Nottingham

Nottingham Station: Commuters' tales of closure chaos during rush hour

Nottingham railway station
Image caption Some passengers had "smooth" journeys while others had problems on Monday

Confused bus drivers have emerged as one of the problems for commuters during the first rush hour since the closure of Nottingham railway station.

The station is virtually closed for five weeks while work is carried out on signals and to build a new platform.

Replacement buses have been ferrying passengers from Nottingham to Derby, Leicester and East Midlands Parkway.

East Midlands Trains said any teething problems would be ironed out in the next few days.
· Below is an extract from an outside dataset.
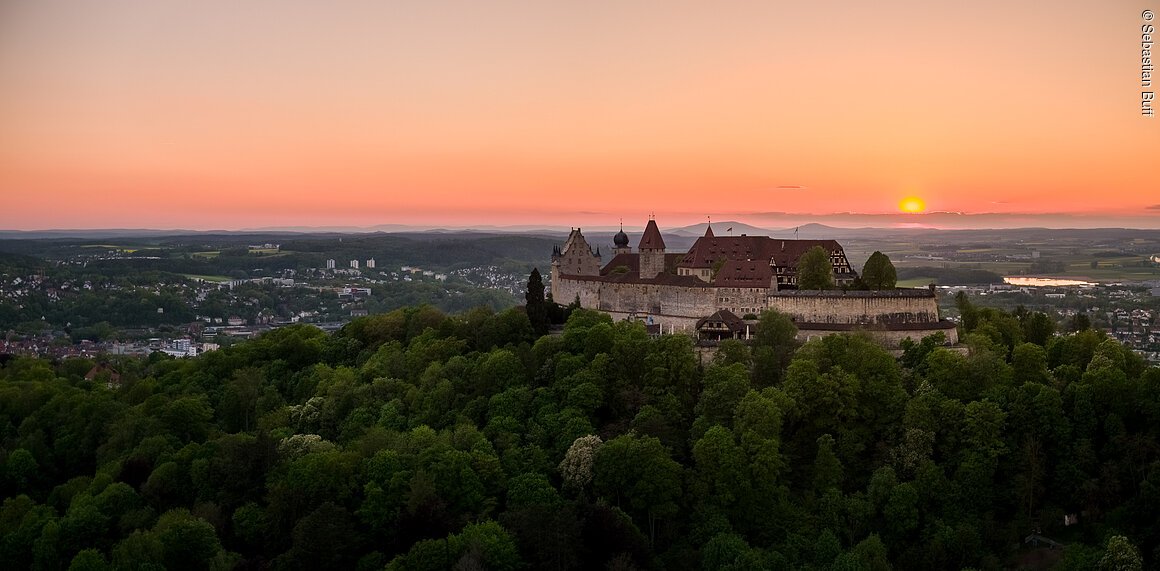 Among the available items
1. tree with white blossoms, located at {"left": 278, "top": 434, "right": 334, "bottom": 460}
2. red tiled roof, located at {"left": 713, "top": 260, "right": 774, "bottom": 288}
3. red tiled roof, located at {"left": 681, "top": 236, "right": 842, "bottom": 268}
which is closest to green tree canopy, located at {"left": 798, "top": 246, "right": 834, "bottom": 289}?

On the first weekday since the part closure, some commuters said their journey had been "smooth" while others experienced problems.

Lost bus driver

Chris Hamlett, 33, from Birmingham, works as researcher at Nottingham Trent University's Clifton campus. His journey usually takes two hours but on Monday it took three and a half hours after the bus driver got lost.

He said: "I was expecting it to be bad but I wasn't best pleased when it took an hour and 15 minutes to travel from Derby to Nottingham.

"I don't know where he went but when a passenger told him he was going the wrong way he went back into Derby and out again.

"I couldn't believe it. Doesn't exactly fill me with confidence for next five weeks.

"I'm hoping it gets better."

Jacob Hooper was on a bus from East Midlands Parkway to Nottingham but again the driver was unsure of where the station was.

"When we approached along Queens Drive, the bus driver asked 'is this the station' to which the whole bus burst into laughter," said Mr Hooper.

"He then stopped at the traffic lights and let everyone off. No one could believe we were actually getting off there."

Several bus and coach companies from across the UK are being used to transport passengers between stations, including one coach company from Cumbria.

'Keep people moving'

David Horne, managing director for East Midlands Trains, advised passengers to plan ahead for their journeys.

Image caption Transport companies reported that the first rush hour was a success with just a "few teething problems"

He said: "We know buses will get caught in traffic and we have got plenty of standby buses to keep delays at a minimum, and keep people on the move the best we can.

"The situation will improve as the days go on."

A spokeswoman for East Midlands Trains added: "There are over 750 buses a day running for our passengers during the Nottingham improvement works and 99% of these bus services have run without any incident today.

"With an operation of this scale, there are always individual challenges to overcome, but that is when the years of planning by ourselves, Network Rail and other organisations proves its worth.

"We would like to thank our customers for their co-operation so far and for the coming weeks ahead."

David Astill, commercial manager for Nottingham City Transport, which is one of the companies contracted to help, said: "It has been very well organised. Saturday and Sunday went remarkably well and it has been fairly smooth on Monday.

"If anything goes wrong it will be down to traffic and congestion."